- **DATA UNDER STUDY**
┌────────

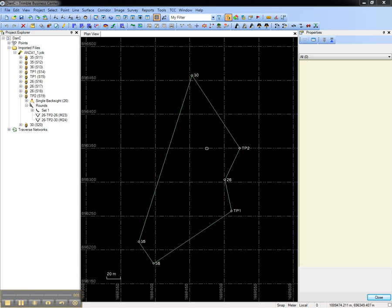This video shows how to review and edit mean total station observations in Trimble Business Center. Mean total station observations are created when rounds are measured in the field, for instance, when a leg of a traverse is measured in Phase 1 and Phase 2.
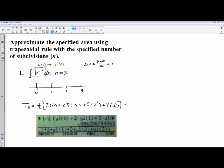I threw it in the calculator and you can see the answer. I plugged in y1(0), y1(1), etc., all at once rather than doing individual pieces. Throwing it all in the calculator in one big swoop gives 0.886 to the third decimal.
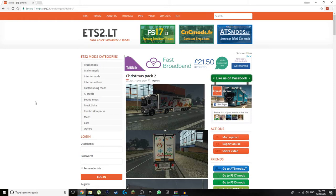Hey, what is going on everybody, welcome back to my channel and welcome to a slightly different video. Now you might be expecting some Minecraft and things like that, but I also play a bit of Euro Truck Simulator 2. It's basically a game where you are a truck driver, you can drive all around the world delivering things for companies, and then you build up your money and you're able to buy your own truck and start your own business, which I think is really cool.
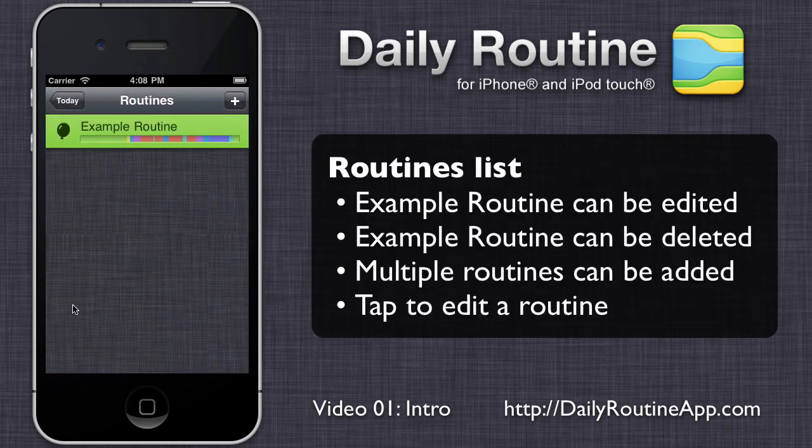This is the list of our routines. The app starts with one example routine. We could delete it or add a second routine, but for now we'll edit this routine by tapping it.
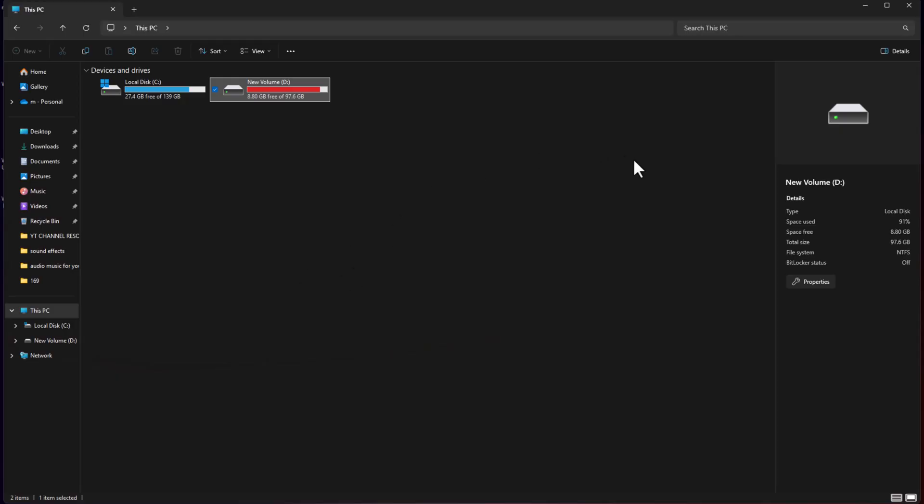Hey everyone, welcome back to the channel. Today, we are discussing a common problem that almost everyone has faced at some point, which is losing important files.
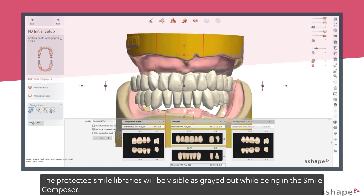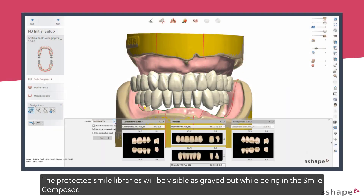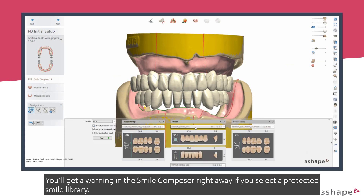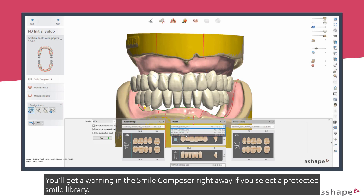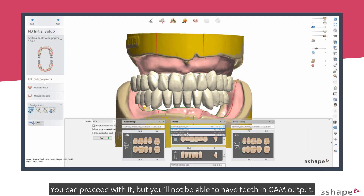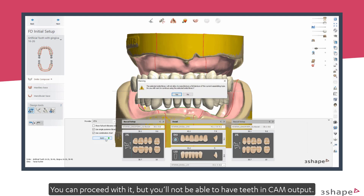The protected smile libraries will be visible as greyed out while being in the Smile Composer. You'll get a warning in the Smile Composer right away if you select a protected smile library. You can proceed with it, but you'll not be able to have teeth in CAM output.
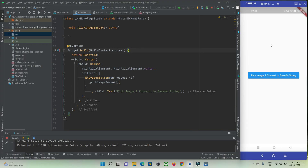Hi guys, welcome to protocoderspoint. In this tutorial, let's learn how to pick an image from a gallery or a camera and then convert the picked image into base64 format. By converting to base64 format, it is very useful when you want to store an image as a base64 string on your server database.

└────────

- **EXERCISE DIRECTIONS**
Leave out the pictures, and please output only the lines from the line that contains "The protected smile" through the end of the data, both ends included.

- **RESPONSE BOX**
The protected smile libraries will be visible as greyed out while being in the Smile Composer. You'll get a warning in the Smile Composer right away if you select a protected smile library. You can proceed with it, but you'll not be able to have teeth in CAM output.
Hi guys, welcome to protocoderspoint. In this tutorial, let's learn how to pick an image from a gallery or a camera and then convert the picked image into base64 format. By converting to base64 format, it is very useful when you want to store an image as a base64 string on your server database.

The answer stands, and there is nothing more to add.